I did not do this but expect to.

Once the warm weather comes, or sooner, I plan to make 3 sets of skid shoes. Try them all out, see which ones work the best.

I live in an average residential development in Central NJ, 50 yrs old, 50'? 75'? wide lots by 75'? 100'? deep with 30'-40'? long, 1 or 2 car wide driveways and concrete sidewalks where some are lifting. The latter is my problem, the lips of the lifting sidewalks knock the snowblower and me.

I plan to make one with rollerblade wheels by cutting off the bottom of a skid shoe and bolting the wheel through the side using a carriage bolt.

Another with a longer bottom piece of steel like those speed skates. I'm going to weld it to the bottom of an existing skid plate with a slight bend in the front.

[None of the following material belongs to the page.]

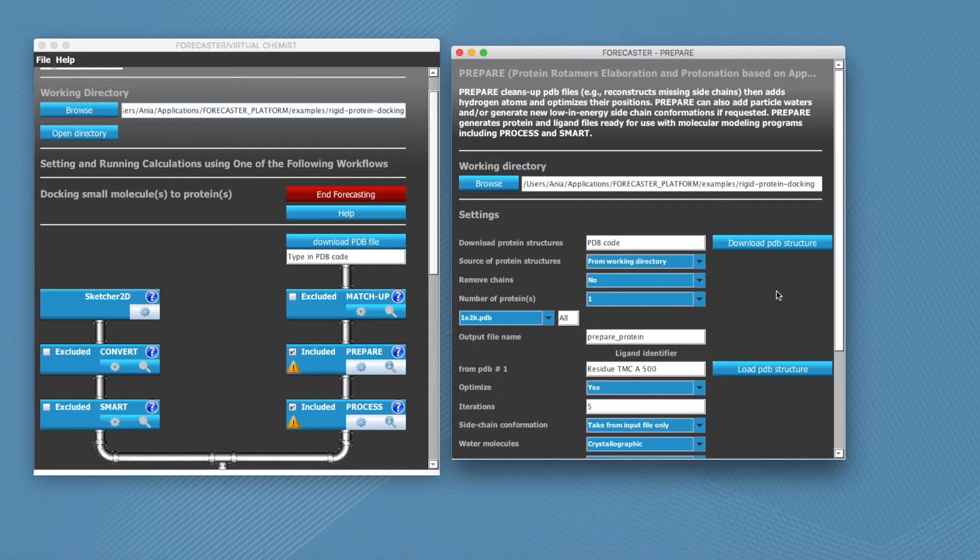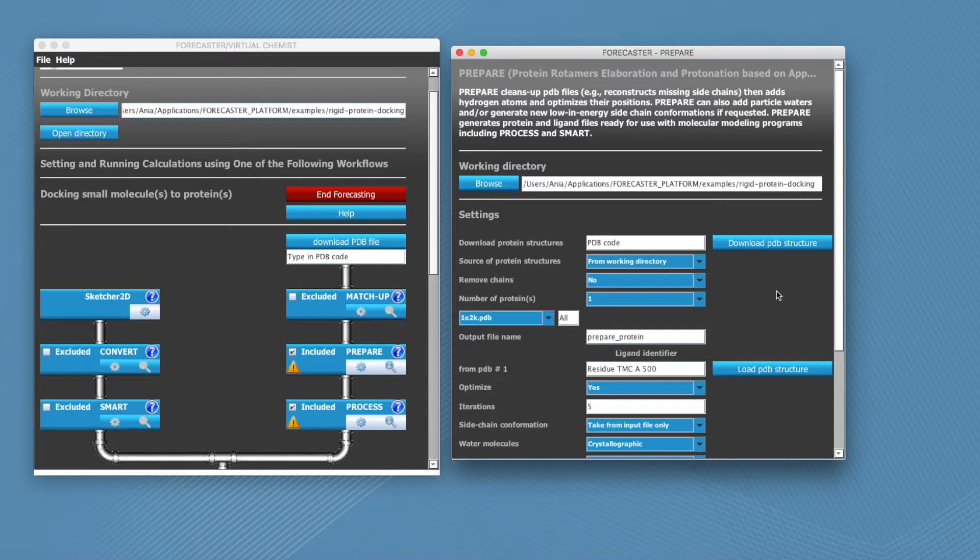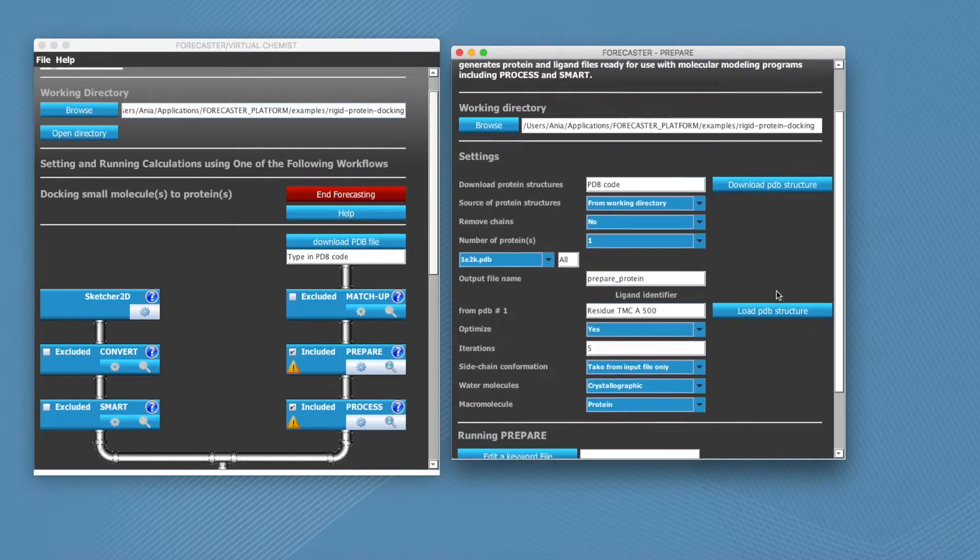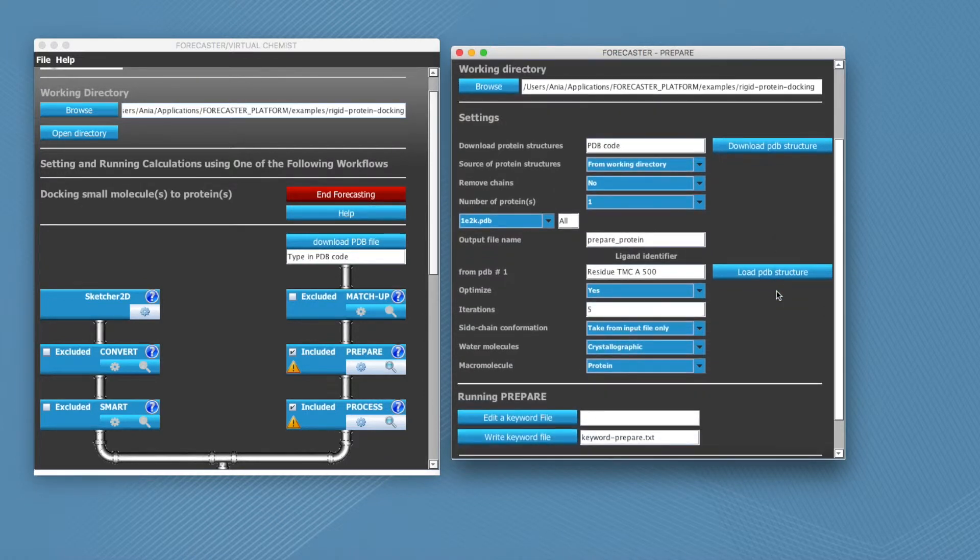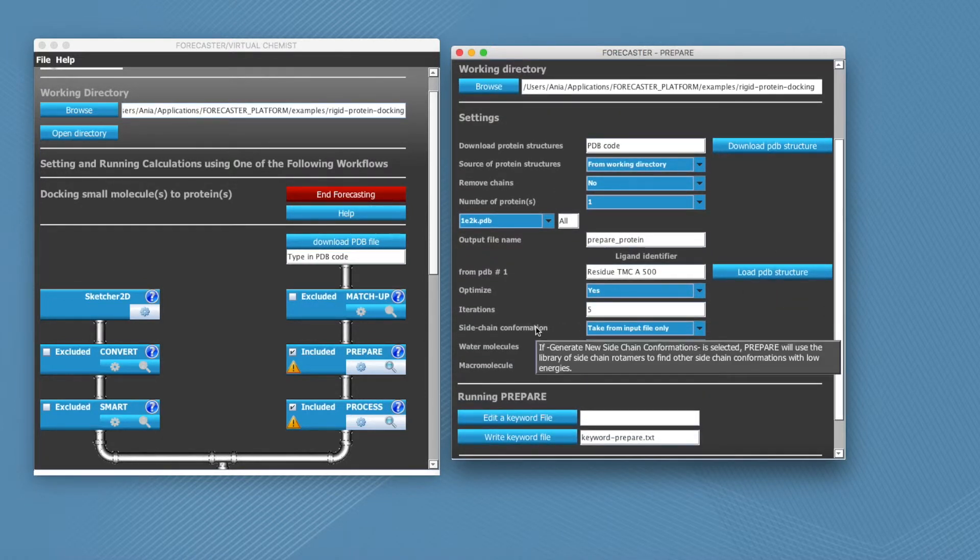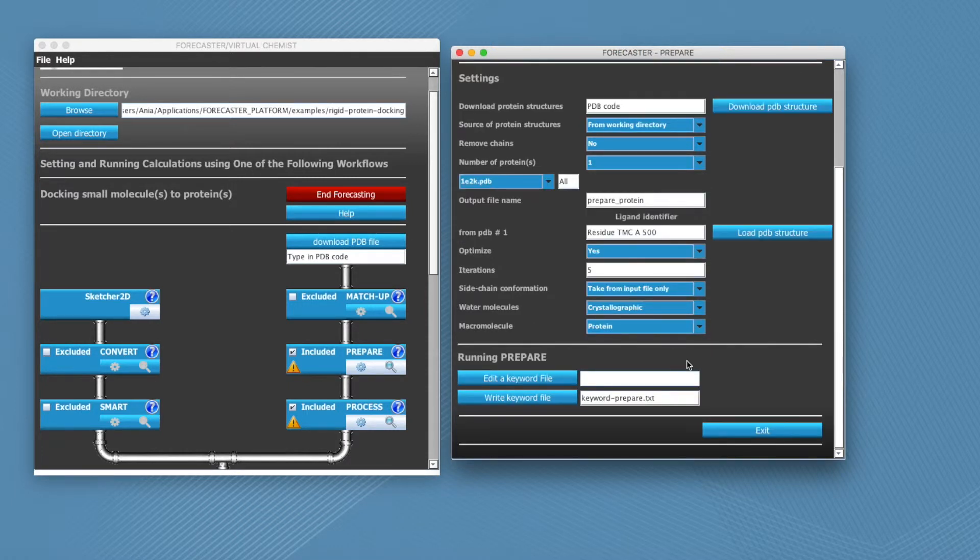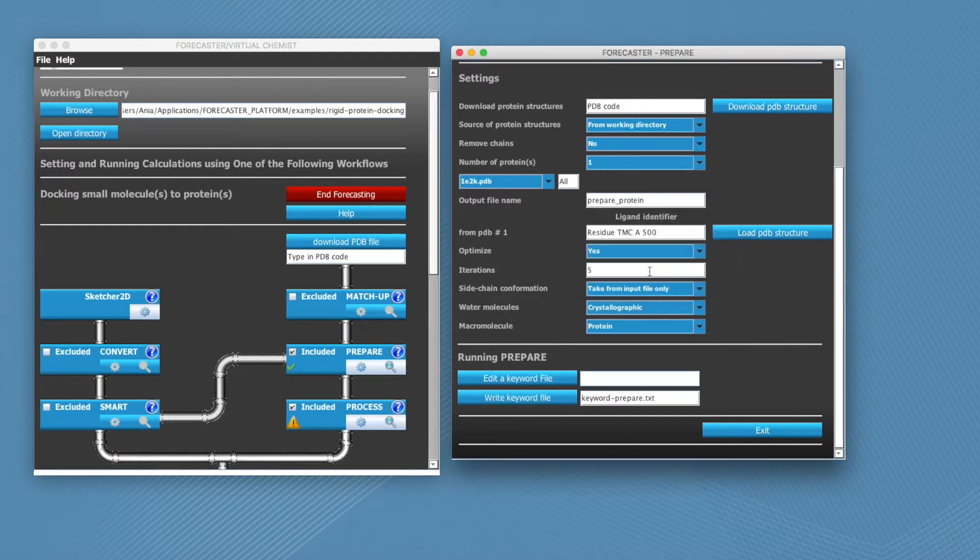The pop-up window will be mostly auto-filled with common defaults, however, you can easily tune them to better suit your needs. Hovering your mouse over an item will display a more detailed explanation of the parameter. When you're ready, hit write keyword and exit.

The third will be made from 1/2" thick polyethylene cutting board. I plan to cut a rectangular piece, 6" long and 4" high, bolted sideways to a skid shoe. The skid shoe will act as support, a backing plate, for the polyethylene. I will cut out the bottom of the metal skid shoe and cut two grooves in the polyethylene to allow for up and down adjustment for wear.


----------



## Jackmels (Feb 18, 2013)

I made a set for a Bobcat I had. Cut Rectangles From a Plastic Cutting Board. Didn't Look Factory, but Worked Fine.


----------



## Dannoman (Jan 16, 2018)

I like the skateboard wheel idea. Rolling is always better than skidding.


----------



## Jackmels (Feb 18, 2013)

From My Experience, the 1/2" Wide Plastic Skids Cut Right Through the Snow, and Slide Very Nicely on the Pavement. I'd think wheels Might Not Roll Very Well in the Snow.


----------



## stromr (Jul 20, 2016)

I tried wheels once, solid plastic, steel axle, ample clearance dry. Thought that would keep them from freezing up. Froze up and just skidded along when in snow. Use long Cub Cadet steel shoes now. Think I'll try the "cool blue" versions next year.


----------



## RobertHan (Feb 23, 2021)

A wheel between 54mm and 60mm diameter generally gives you better off-road capabilities. Bigger wheels provide ease while rolling over rocks, cracks, and other crevices that smaller wheels can’t handle. Installing higher trucks or risers is highly recommended, though, as bigger wheels are prone to catching wheel bite.


----------